══ RECORDS FOR THE EXERCISE

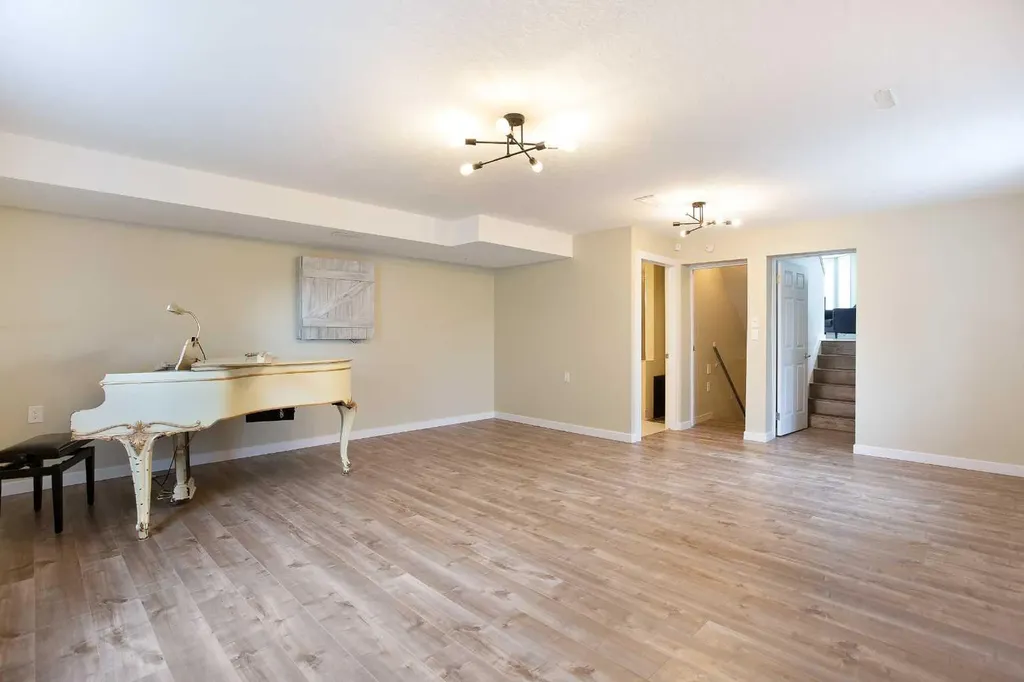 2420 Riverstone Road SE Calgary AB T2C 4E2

════
══ RECORDS FOR THE EXERCISE

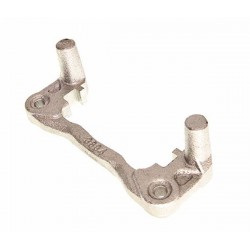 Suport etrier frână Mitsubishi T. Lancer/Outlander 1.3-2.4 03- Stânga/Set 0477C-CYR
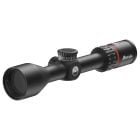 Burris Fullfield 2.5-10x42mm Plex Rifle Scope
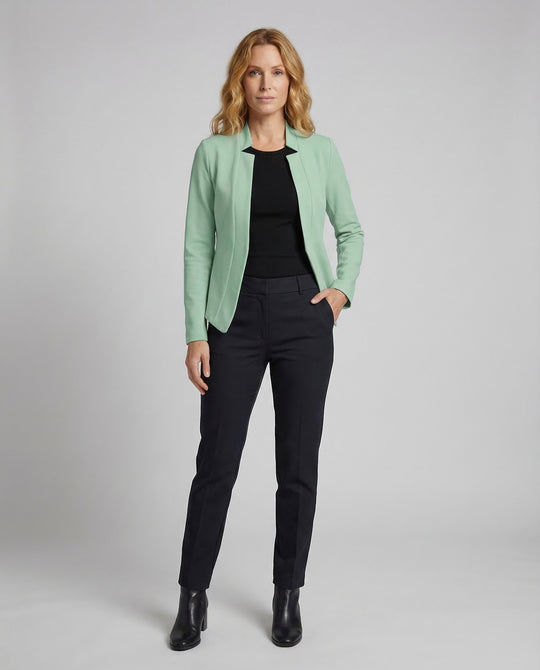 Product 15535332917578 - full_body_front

════

# TASK DESCRIPTION
Using the data above, copy exactly the lines from the one containing "Suport etrier frână" to the one containing "Product 15535332917578 - full_body_front", inclusive. Exclude the pictures.

# RESPONSE TO THIS TASK
 Suport etrier frână Mitsubishi T. Lancer/Outlander 1.3-2.4 03- Stânga/Set 0477C-CYR
 Burris Fullfield 2.5-10x42mm Plex Rifle Scope
 Product 15535332917578 - full_body_front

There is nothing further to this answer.